The problem —
Each record that follows is to be output in full, precisely as written.

Raw data —
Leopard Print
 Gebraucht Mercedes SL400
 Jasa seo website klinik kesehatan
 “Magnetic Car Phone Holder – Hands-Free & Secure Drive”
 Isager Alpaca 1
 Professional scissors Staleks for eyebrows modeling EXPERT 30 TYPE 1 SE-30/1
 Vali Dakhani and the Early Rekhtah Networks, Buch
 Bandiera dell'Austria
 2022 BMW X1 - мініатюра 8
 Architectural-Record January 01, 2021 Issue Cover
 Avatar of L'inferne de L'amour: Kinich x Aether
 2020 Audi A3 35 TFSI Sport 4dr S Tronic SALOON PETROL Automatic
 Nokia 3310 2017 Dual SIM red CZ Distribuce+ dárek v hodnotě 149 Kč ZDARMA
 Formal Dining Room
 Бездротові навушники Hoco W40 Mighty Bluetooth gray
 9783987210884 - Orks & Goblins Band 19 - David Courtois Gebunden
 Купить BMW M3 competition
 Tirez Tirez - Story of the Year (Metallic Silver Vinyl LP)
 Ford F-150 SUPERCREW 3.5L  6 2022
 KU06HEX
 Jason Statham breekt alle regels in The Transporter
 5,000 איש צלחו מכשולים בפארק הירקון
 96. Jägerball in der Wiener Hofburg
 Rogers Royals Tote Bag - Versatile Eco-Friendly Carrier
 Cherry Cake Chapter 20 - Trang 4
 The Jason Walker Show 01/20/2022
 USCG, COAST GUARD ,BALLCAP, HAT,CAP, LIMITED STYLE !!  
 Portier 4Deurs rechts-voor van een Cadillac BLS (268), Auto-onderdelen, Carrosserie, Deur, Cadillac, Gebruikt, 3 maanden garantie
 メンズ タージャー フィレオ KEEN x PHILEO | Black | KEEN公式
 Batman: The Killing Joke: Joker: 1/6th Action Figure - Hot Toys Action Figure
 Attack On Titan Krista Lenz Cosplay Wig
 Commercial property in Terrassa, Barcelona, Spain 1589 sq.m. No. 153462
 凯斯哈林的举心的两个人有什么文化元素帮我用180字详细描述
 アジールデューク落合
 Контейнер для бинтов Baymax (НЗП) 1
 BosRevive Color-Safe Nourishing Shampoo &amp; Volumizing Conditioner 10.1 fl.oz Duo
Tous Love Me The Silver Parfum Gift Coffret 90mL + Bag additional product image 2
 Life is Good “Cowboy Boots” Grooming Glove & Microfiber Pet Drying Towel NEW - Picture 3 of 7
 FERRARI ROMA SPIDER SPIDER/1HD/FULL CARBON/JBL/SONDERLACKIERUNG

Written response —
Leopard Print
 Gebraucht Mercedes SL400
 Jasa seo website klinik kesehatan
 “Magnetic Car Phone Holder – Hands-Free & Secure Drive”
 Isager Alpaca 1
 Professional scissors Staleks for eyebrows modeling EXPERT 30 TYPE 1 SE-30/1
 Vali Dakhani and the Early Rekhtah Networks, Buch
 Bandiera dell'Austria
 2022 BMW X1 - мініатюра 8
 Architectural-Record January 01, 2021 Issue Cover
 Avatar of L'inferne de L'amour: Kinich x Aether
 2020 Audi A3 35 TFSI Sport 4dr S Tronic SALOON PETROL Automatic
 Nokia 3310 2017 Dual SIM red CZ Distribuce+ dárek v hodnotě 149 Kč ZDARMA
 Formal Dining Room
 Бездротові навушники Hoco W40 Mighty Bluetooth gray
 9783987210884 - Orks & Goblins Band 19 - David Courtois Gebunden
 Купить BMW M3 competition
 Tirez Tirez - Story of the Year (Metallic Silver Vinyl LP)
 Ford F-150 SUPERCREW 3.5L  6 2022
 KU06HEX
 Jason Statham breekt alle regels in The Transporter
 5,000 איש צלחו מכשולים בפארק הירקון
 96. Jägerball in der Wiener Hofburg
 Rogers Royals Tote Bag - Versatile Eco-Friendly Carrier
 Cherry Cake Chapter 20 - Trang 4
 The Jason Walker Show 01/20/2022
 USCG, COAST GUARD ,BALLCAP, HAT,CAP, LIMITED STYLE !!  
 Portier 4Deurs rechts-voor van een Cadillac BLS (268), Auto-onderdelen, Carrosserie, Deur, Cadillac, Gebruikt, 3 maanden garantie
 メンズ タージャー フィレオ KEEN x PHILEO | Black | KEEN公式
 Batman: The Killing Joke: Joker: 1/6th Action Figure - Hot Toys Action Figure
 Attack On Titan Krista Lenz Cosplay Wig
 Commercial property in Terrassa, Barcelona, Spain 1589 sq.m. No. 153462
 凯斯哈林的举心的两个人有什么文化元素帮我用180字详细描述
 アジールデューク落合
 Контейнер для бинтов Baymax (НЗП) 1
 BosRevive Color-Safe Nourishing Shampoo &amp; Volumizing Conditioner 10.1 fl.oz Duo
Tous Love Me The Silver Parfum Gift Coffret 90mL + Bag additional product image 2
 Life is Good “Cowboy Boots” Grooming Glove & Microfiber Pet Drying Towel NEW - Picture 3 of 7
 FERRARI ROMA SPIDER SPIDER/1HD/FULL CARBON/JBL/SONDERLACKIERUNG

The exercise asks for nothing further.